**WORK REQUEST**:
Below is some data. Retype exactly the lines starting at the one with "استودیوی لوکس, Blasius Residence" and ending at the one with "Hyundai H-1 II".

**RECORDS SUPPLIED**:
────────────────────

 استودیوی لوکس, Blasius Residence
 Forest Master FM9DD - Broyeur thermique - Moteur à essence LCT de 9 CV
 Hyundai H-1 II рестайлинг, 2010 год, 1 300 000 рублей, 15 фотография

────────────────────

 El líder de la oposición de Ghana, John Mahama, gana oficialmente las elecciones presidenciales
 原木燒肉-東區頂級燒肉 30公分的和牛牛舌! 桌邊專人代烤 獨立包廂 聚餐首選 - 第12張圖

────────────────────

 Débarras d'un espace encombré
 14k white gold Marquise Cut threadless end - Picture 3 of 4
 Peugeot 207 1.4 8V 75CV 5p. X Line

────────────────────

**FINAL ANSWER**:
 استودیوی لوکس, Blasius Residence
 Forest Master FM9DD - Broyeur thermique - Moteur à essence LCT de 9 CV
 Hyundai H-1 II рестайлинг, 2010 год, 1 300 000 рублей, 15 фотография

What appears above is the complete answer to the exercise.